* Problem requirements
Everything from the "Mercedes-Benz S Class" line to the final line of the listing should be written out exactly. Skip the pictures.

**** Dataset extract ****

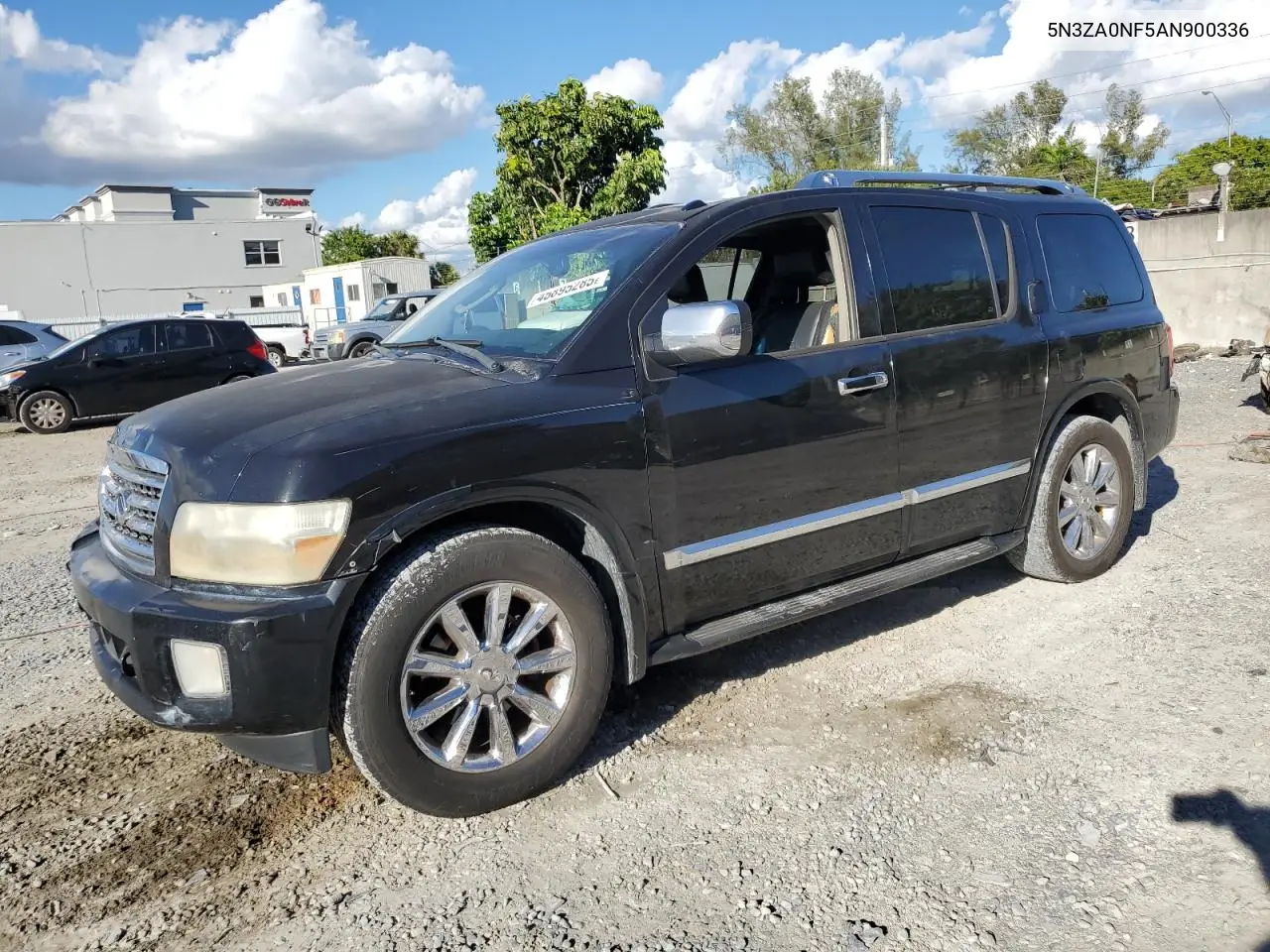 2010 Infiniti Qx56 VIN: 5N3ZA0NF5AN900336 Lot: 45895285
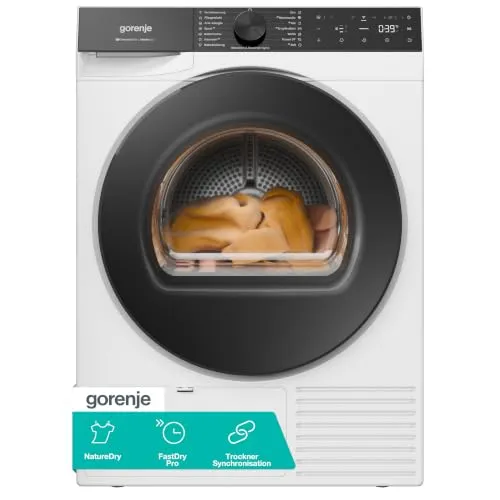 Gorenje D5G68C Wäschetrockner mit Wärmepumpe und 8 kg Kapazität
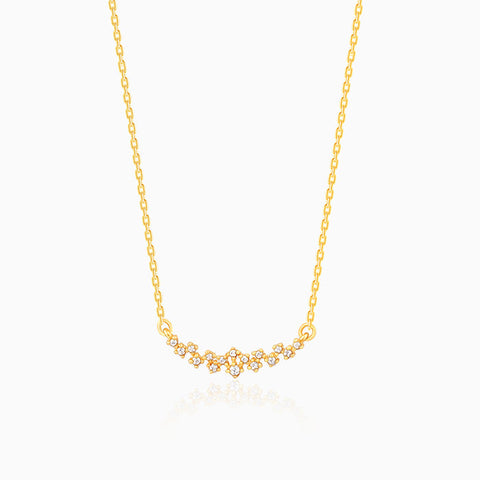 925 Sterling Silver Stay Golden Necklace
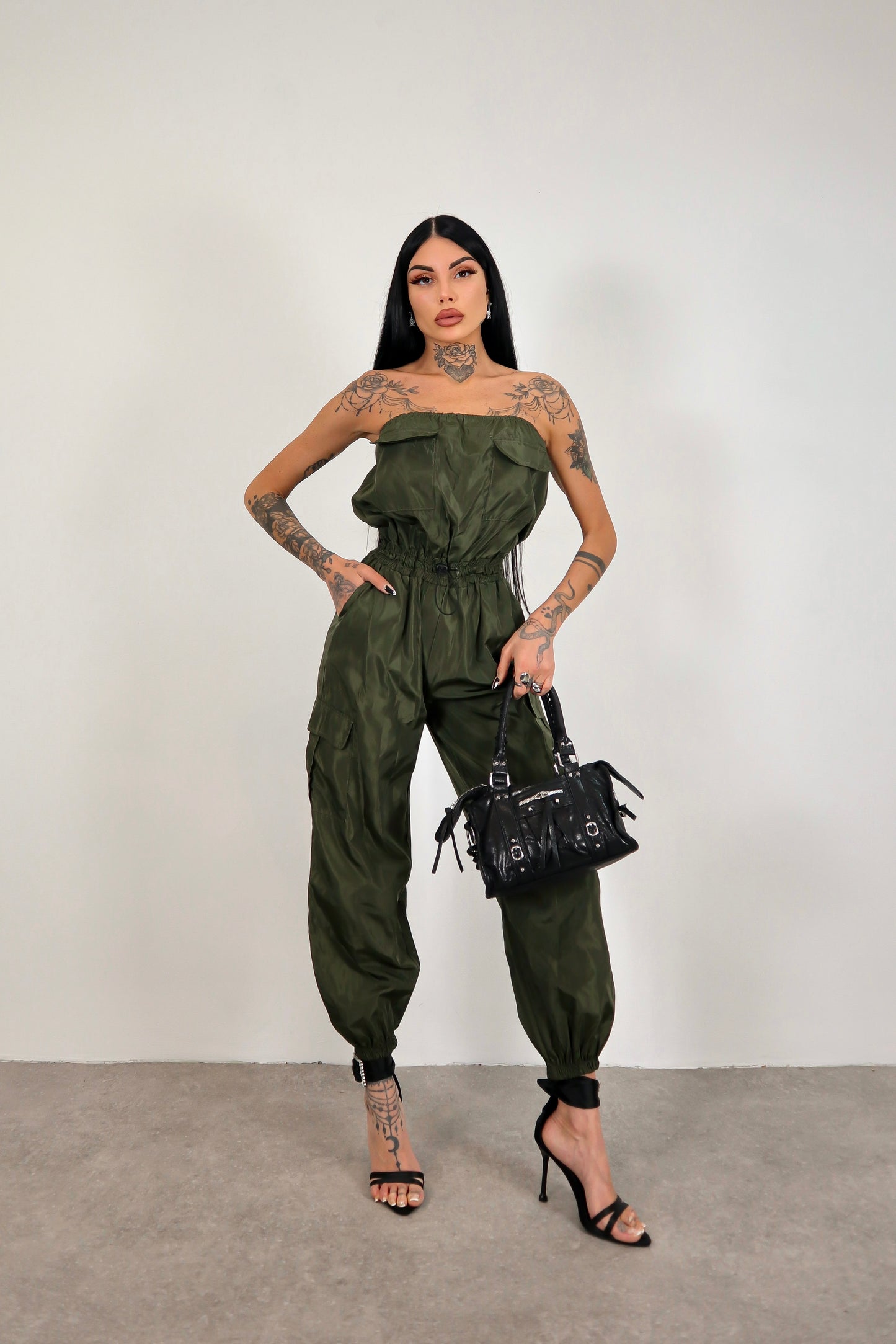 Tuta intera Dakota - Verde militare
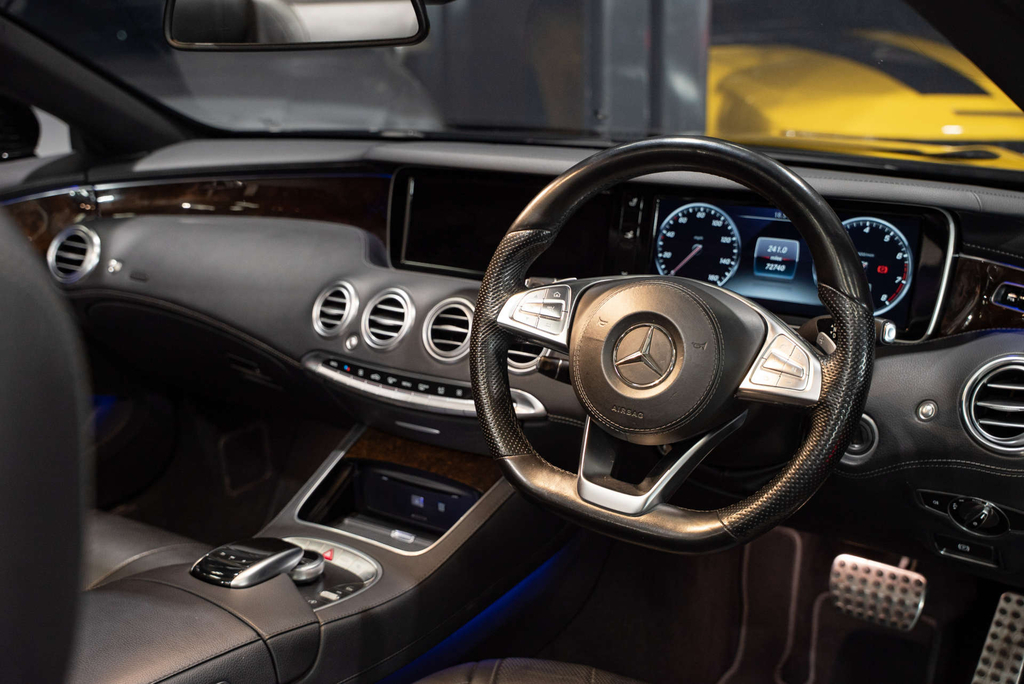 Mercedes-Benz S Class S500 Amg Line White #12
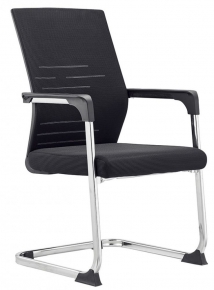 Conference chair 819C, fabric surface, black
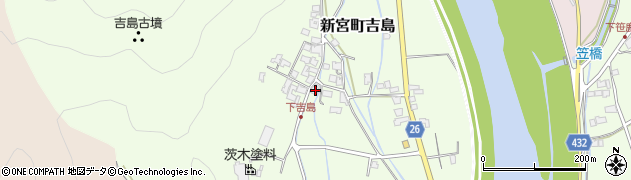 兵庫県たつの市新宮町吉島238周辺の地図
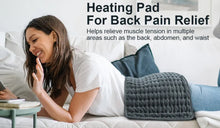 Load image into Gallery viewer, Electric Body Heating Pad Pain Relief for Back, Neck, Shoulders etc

****

* Output for this exercise
 Mercedes-Benz S Class S500 Amg Line White #12
 Conference chair 819C, fabric surface, black
 兵庫県たつの市新宮町吉島238周辺の地図
 Load image into Gallery viewer, Electric Body Heating Pad Pain Relief for Back, Neck, Shoulders etc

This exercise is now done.